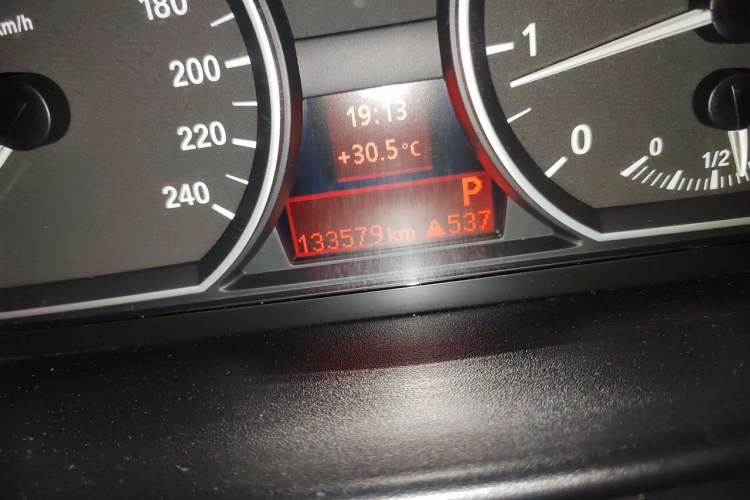 Used BMW 1 Series 2008 120i automatic transmission Odometer Close Up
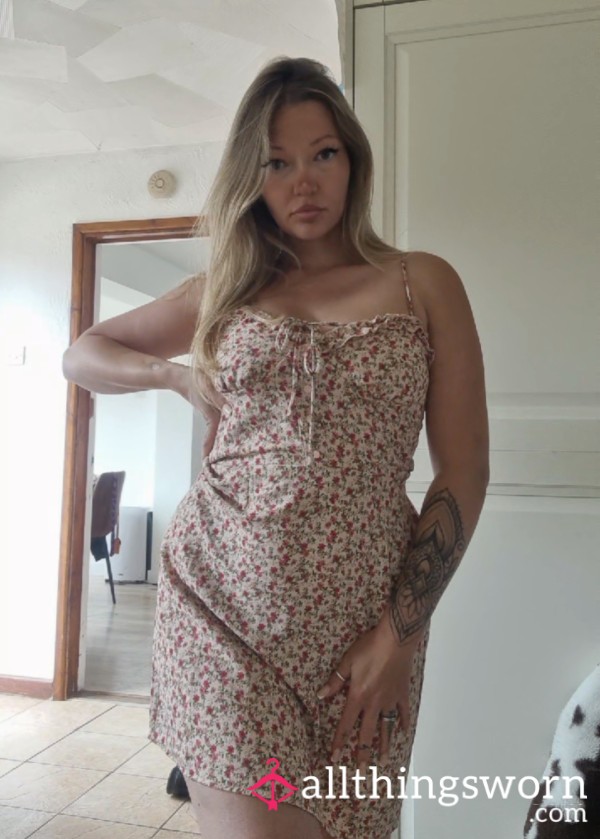 Flor*l Summer Dress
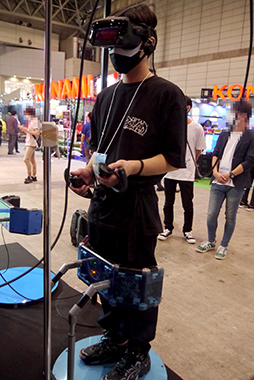 画像ギャラリー No.008のサムネイル画像 / ［TGS 2021］VR用歩行デバイス「Crus」体験してみた。ハーネスや専用シューズが不要で省スペースも魅力だ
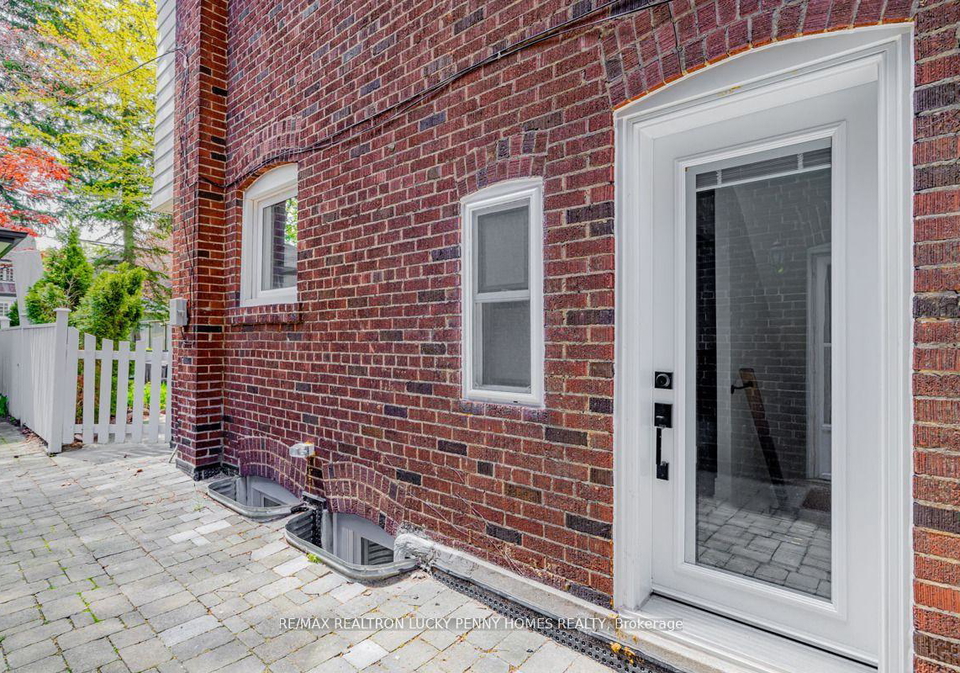 37-chudleigh-avenue-toronto-ontario-c12982588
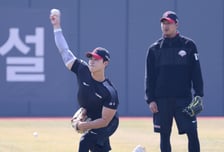 [포토]'올해는 더욱 강력하게' LG 김영우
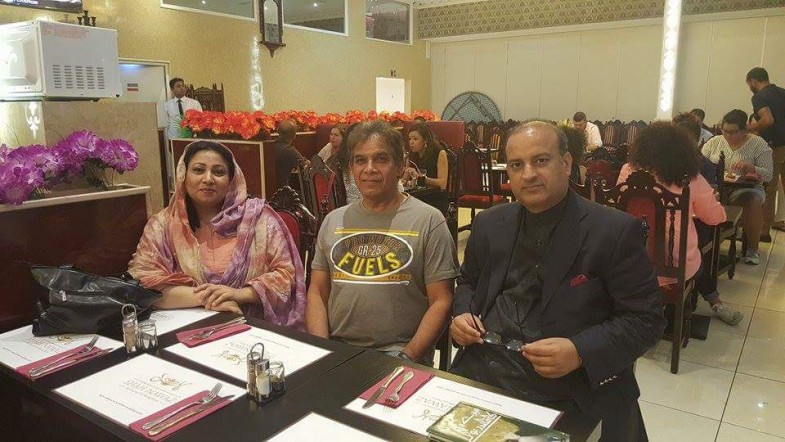 تکبیر ٹی وی کی ٹیم کا ممتاز شاعرہ ممتاز ملک کے ساتھ عشائیہ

_WHAT IS REQUIRED_: Please output the lines from the line that holds "Flor*l Summer Dress" through the final line of the material above, both included. Each line must match exactly, and pictures must be excluded.

_ANSWER TO THE PROBLEM_:
 Flor*l Summer Dress
 画像ギャラリー No.008のサムネイル画像 / ［TGS 2021］VR用歩行デバイス「Crus」体験してみた。ハーネスや専用シューズが不要で省スペースも魅力だ
 37-chudleigh-avenue-toronto-ontario-c12982588
 [포토]'올해는 더욱 강력하게' LG 김영우
 تکبیر ٹی وی کی ٹیم کا ممتاز شاعرہ ممتاز ملک کے ساتھ عشائیہ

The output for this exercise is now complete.